Today, we continue to put into modern perspective the places of particular people in the history of Country Music. Let us talk about Jimmie Rodgers. He and the Carter family were among the first country music recording stars in the 1920s. Throughout his singing career, he earned several nicknames from “The Singing Brakeman” about his former job to “a white man gone black” and “a busboy in a roadside café singing nigger blues” for the influence he got from African-American’s chants. Later on, he would be dubbed “The Blue Yodeler” for his rhythmic yodeling and as “The Father of Country Music” which was rightly so.

Rodgers was born in Pine Springs, Mississippi in 1897. After his mother died, he went to live with his aunt Dora in the Meridian. There, he grew up streetwise and was an enthusiast for trains, railroads, and wayfaring travelers. Beside the railroad tracks is a water tank where he heard blues music and conversational topics among porters and railroad workers which later shaped his song lyrics. He also would frequent opera houses, theaters, and hotel lobbies where he heard plenty of jazz. Furthermore, having absorbed the lively rhythms of black popular music, he brought innovation to the then pure white and Southern monopoly to country music.

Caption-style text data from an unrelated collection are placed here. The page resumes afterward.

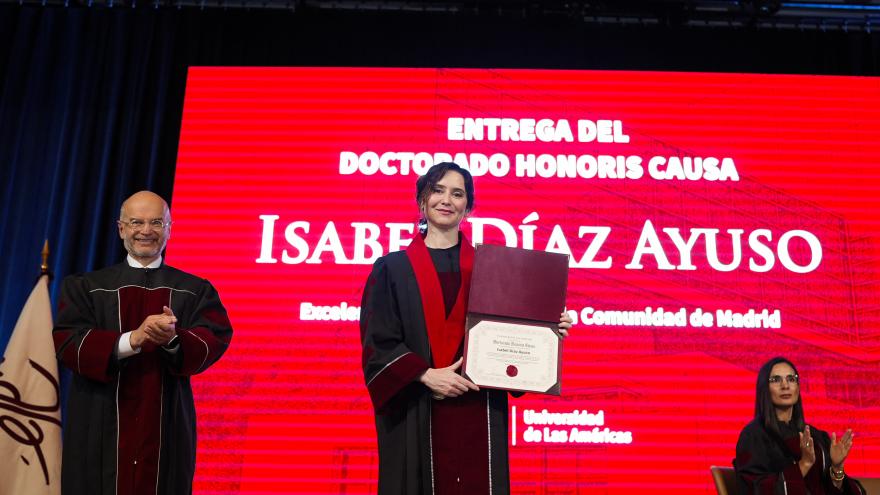 Díaz Ayuso, Doctor Honoris Causa en Quito: “Ningún sitio debería defender con más pasión la libertad y la verdad que la Universidad”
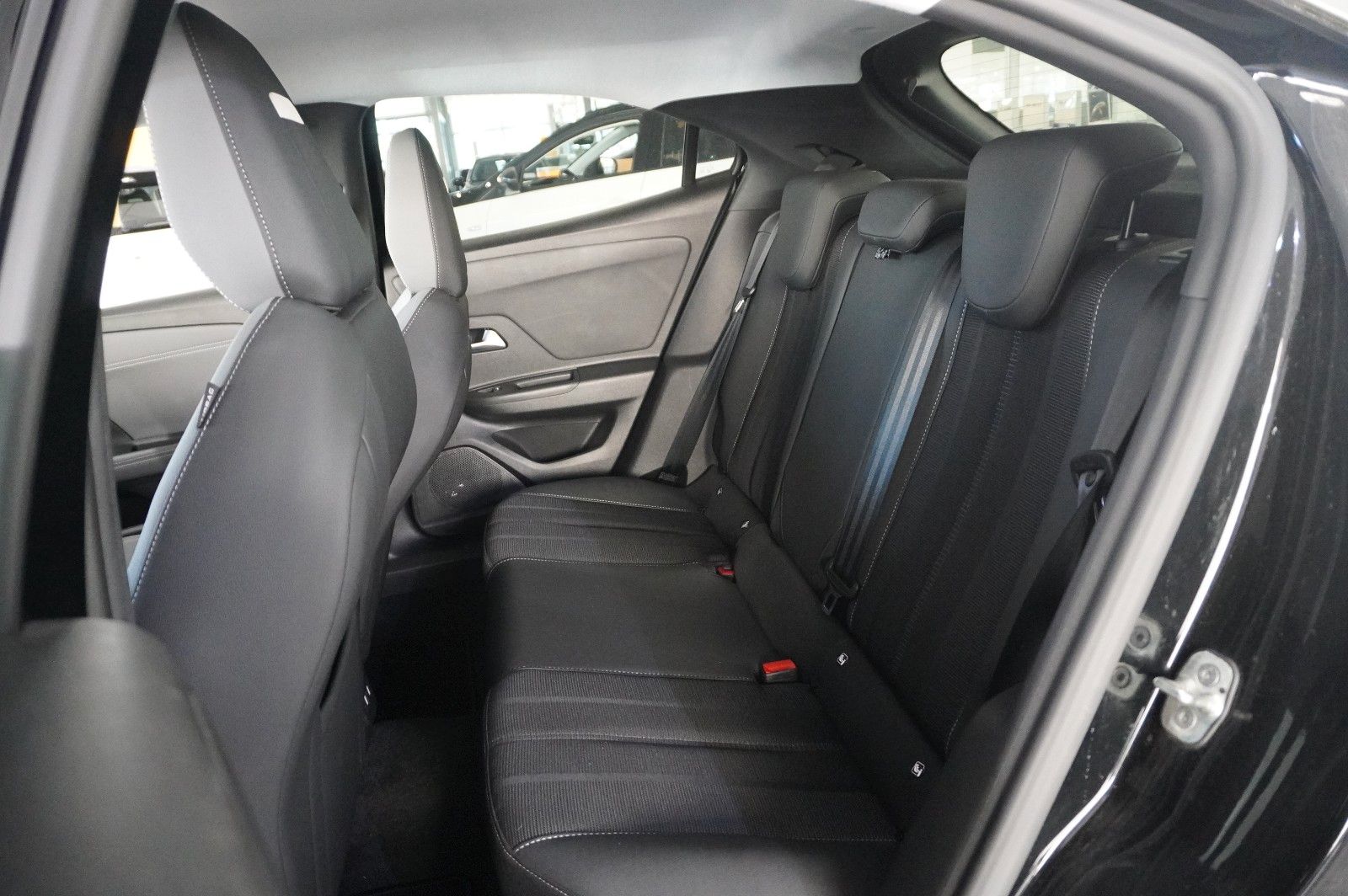 Fahrzeugabbildung Opel Mokka ELEGANCE 1.2T NAVI/LED/KAMERA/SPORT/DAB+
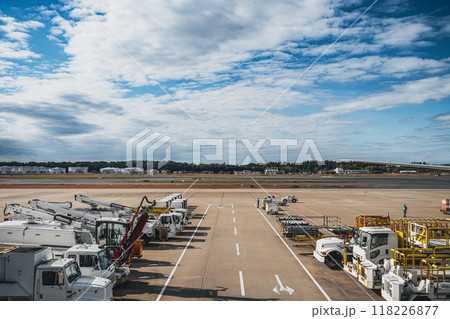 【千葉県】成田空港の滑走路と整備車両 【千葉県】成田空港の滑走路と整備車両 118226877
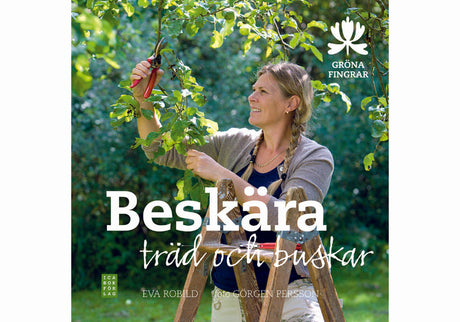 Beskära träd och buskar – Eva Robilds guide till rätt beskärning av fruktträd, bärbuskar, rosor, klätterväxter, häckar och prydnadsträd med sekatör, beskärningssåg och häcksax; foto Görgen Persson.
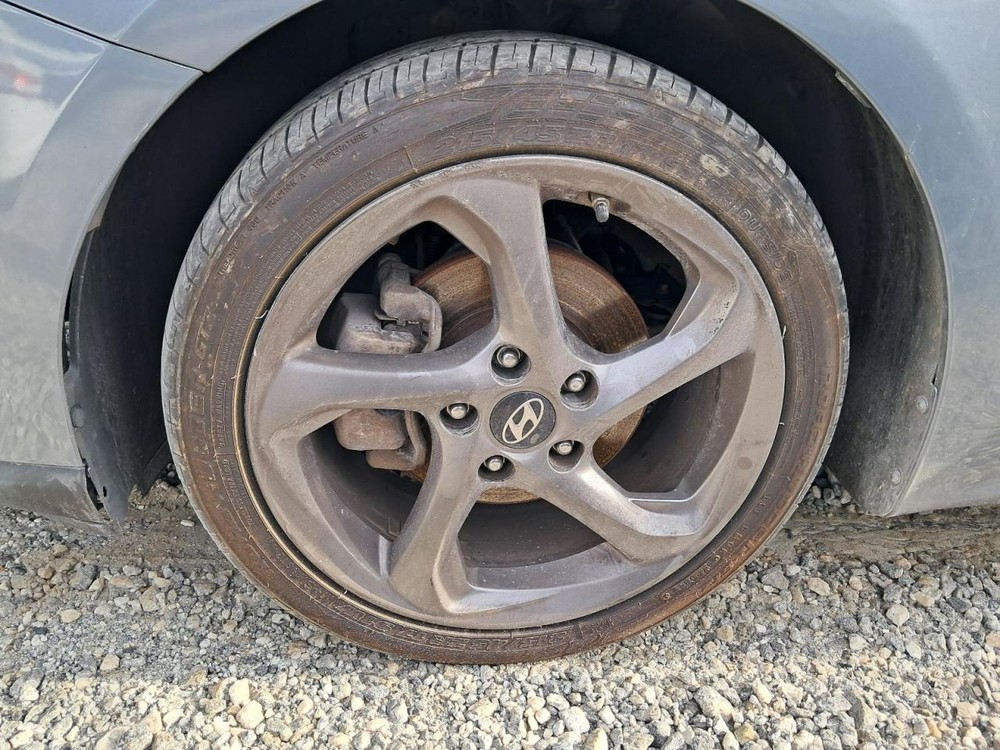 Fuse Box Engine Left Hand Engine Compartment Fits 19-21 VELOSTER 4864727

In 1927, his records began selling in millions. He sang about common people and their common lives. Also, he had his sister-in-law Elsie McWilliams co-wrote nearly 40 of his songs which all proved to be successful. Her moralistic insights in the song-writing were valuable.

In 1933, his tuberculosis battered body finally caved into death. However, two days before that, he had his last recording. For the final song, he opted to record alone ‘Years Ago,’ a fitting song for a great musician taking his bow for his finale act.